Below are records to be copied exactly; their pictures are to be omitted.

Start of PROVIDED MATERIAL

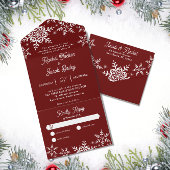 冬の雪のダークレッド結婚クリスマス オールインワン招待状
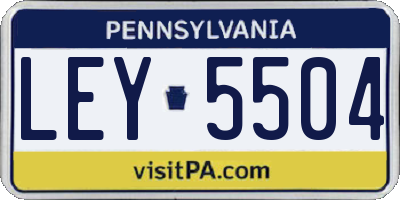 PA license plate LEY5504
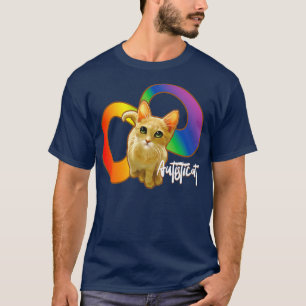 T-shirt Autisticat autistic cat orgueil arc-en-ciel infini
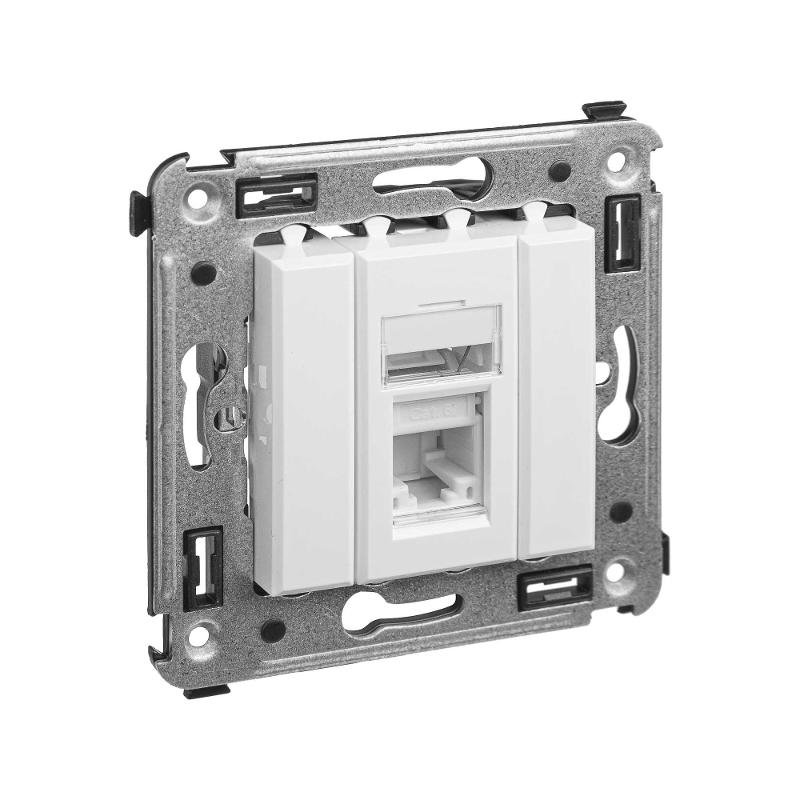 Компьютерная розетка RJ-45 в стену, кат.6А одинарная, "Avanti", "Белое облако" | 4400373 | DKC — миниатюра 6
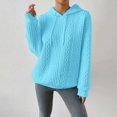 thumbnail image 5 of Women's Hoodies Long Sleeve Casual Solid Drawstring Hoodie Sweatshirts For Women Pullover, Jacquard Design Fall Winter Fashion with Soft Fabric for Cozy Wear,Light Blue,2XL, 5 of 6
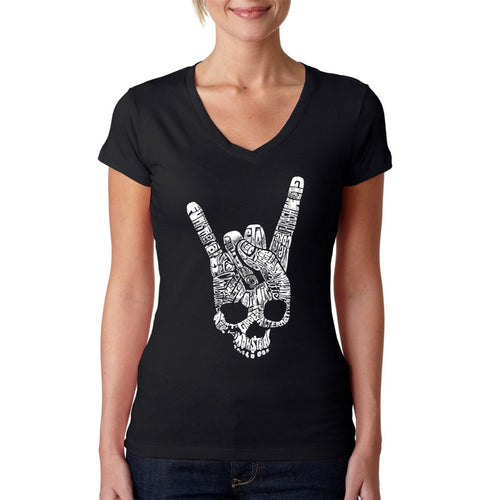 Heavy Metal Genres - Women's Word Art V-Neck T-Shirt
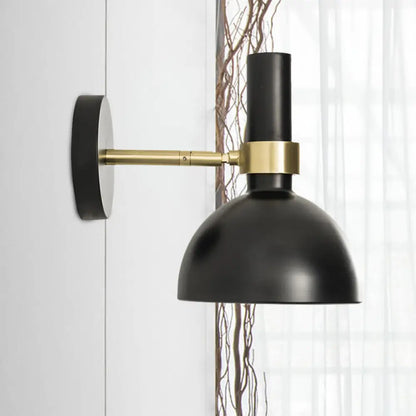 DecorBites™ Modern Domed Wall Lamp - Rotatable White/Black Finish with 1 Light for Bedside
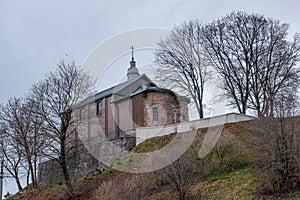 Grodno - Kalozhskaya Church of St. Boris and Gleb. The oldest church on top of a large hill. Belarus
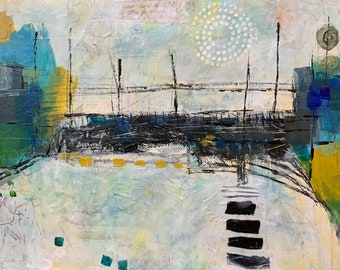 Original Mixed Media painting/abstract bridge/landscape/blue and yellow art/14x16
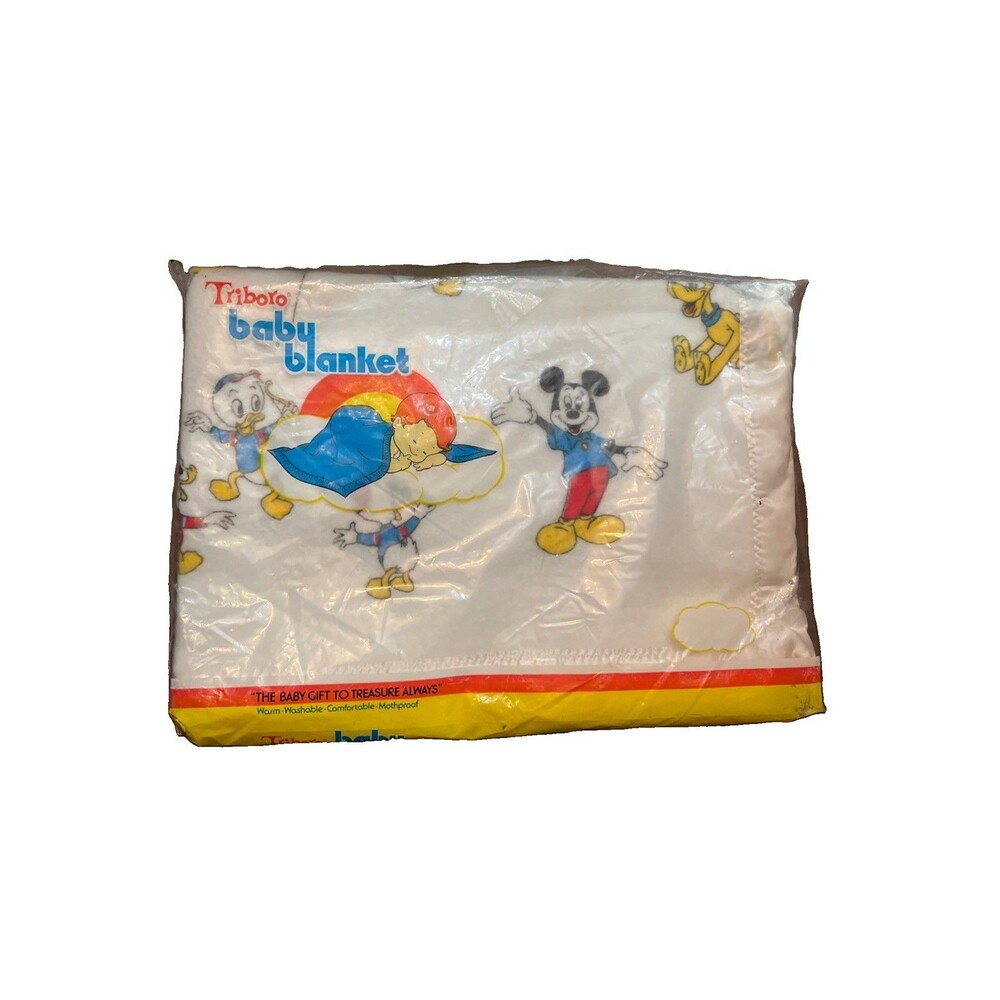 Vintage Triboro Disney Baby Blanket Lovey Mickey Dumbo Disney Satin Trim NOS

End of PROVIDED MATERIAL

#### PROBLEM SOLUTION
 冬の雪のダークレッド結婚クリスマス オールインワン招待状
 PA license plate LEY5504
 T-shirt Autisticat autistic cat orgueil arc-en-ciel infini
 Компьютерная розетка RJ-45 в стену, кат.6А одинарная, "Avanti", "Белое облако" | 4400373 | DKC — миниатюра 6
 thumbnail image 5 of Women's Hoodies Long Sleeve Casual Solid Drawstring Hoodie Sweatshirts For Women Pullover, Jacquard Design Fall Winter Fashion with Soft Fabric for Cozy Wear,Light Blue,2XL, 5 of 6
 Heavy Metal Genres - Women's Word Art V-Neck T-Shirt
 DecorBites™ Modern Domed Wall Lamp - Rotatable White/Black Finish with 1 Light for Bedside
 Grodno - Kalozhskaya Church of St. Boris and Gleb. The oldest church on top of a large hill. Belarus
 Original Mixed Media painting/abstract bridge/landscape/blue and yellow art/14x16
 Vintage Triboro Disney Baby Blanket Lovey Mickey Dumbo Disney Satin Trim NOS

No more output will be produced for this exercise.